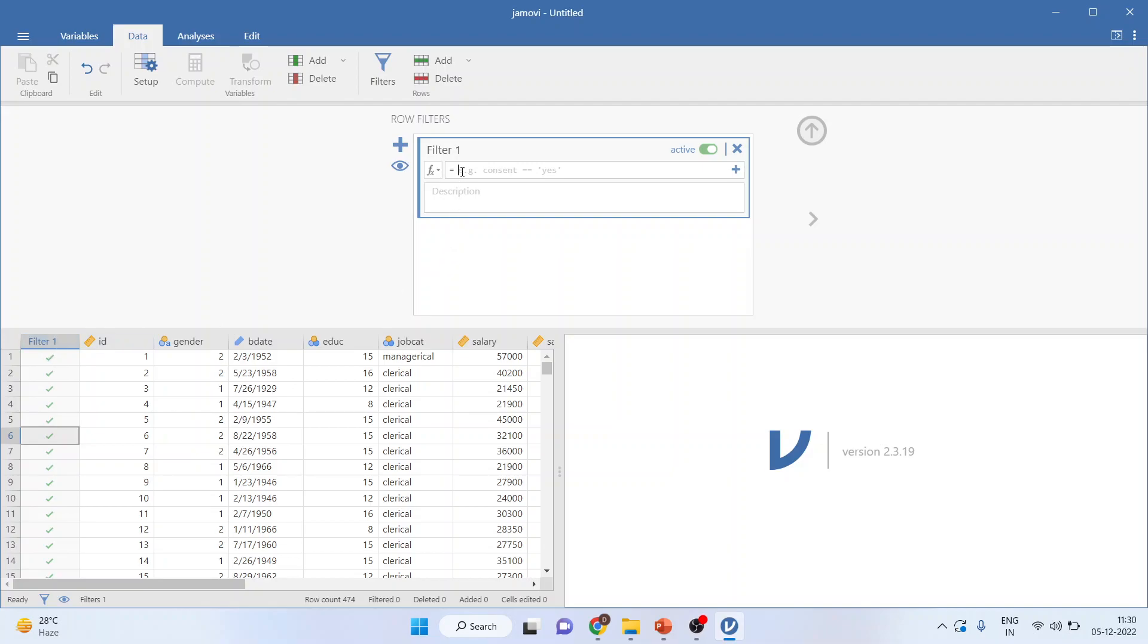So for example, I only want to work on job category which is related to clerical. So I'll write down job cat. Make sure that whatever variable name you write here, it should match with the column name which you have given.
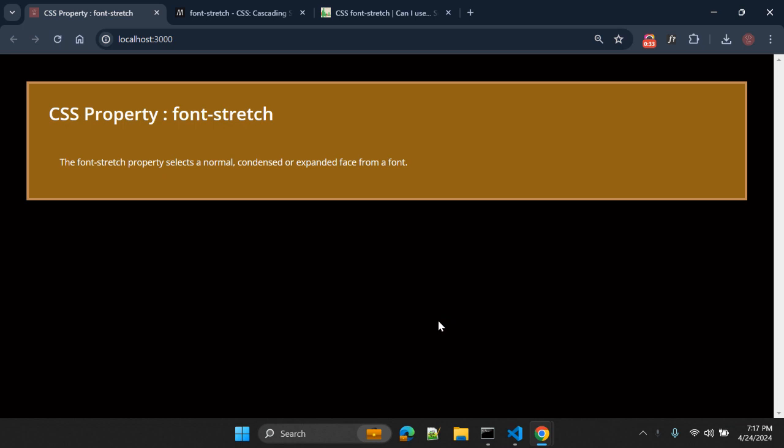Sometimes when you have a particular font family, you might need to change the look and feel, or those fonts support some type of stretch. Using this property, you can apply that stretching to that font.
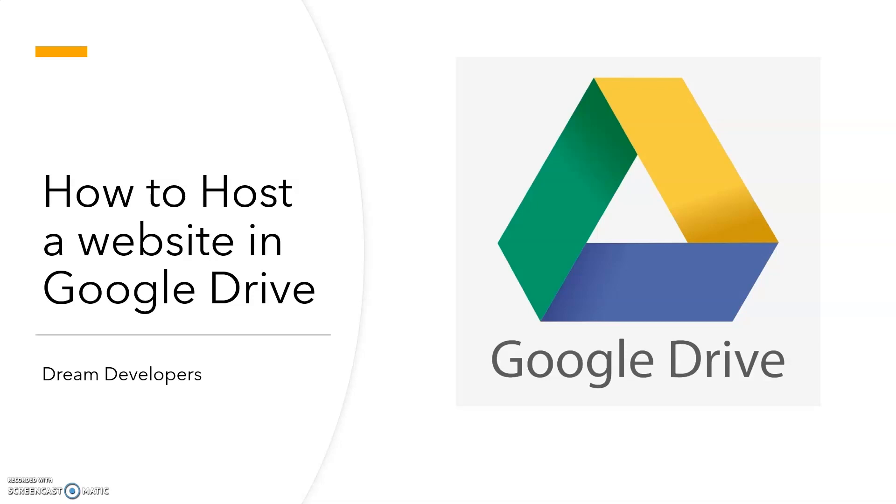Hello Guys, I am K.U.R.A.D.Yaru. Welcome to Dream Developers. Today we are going to see how to host a website in Google Drive. And I will also tell you how to set custom domain name. So let's begin.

______

Exercise brief>
Once the pictures are removed, copy the material above exactly.

Response to the task>
So for example, I only want to work on job category which is related to clerical. So I'll write down job cat. Make sure that whatever variable name you write here, it should match with the column name which you have given.
Sometimes when you have a particular font family, you might need to change the look and feel, or those fonts support some type of stretch. Using this property, you can apply that stretching to that font.
Hello Guys, I am K.U.R.A.D.Yaru. Welcome to Dream Developers. Today we are going to see how to host a website in Google Drive. And I will also tell you how to set custom domain name. So let's begin.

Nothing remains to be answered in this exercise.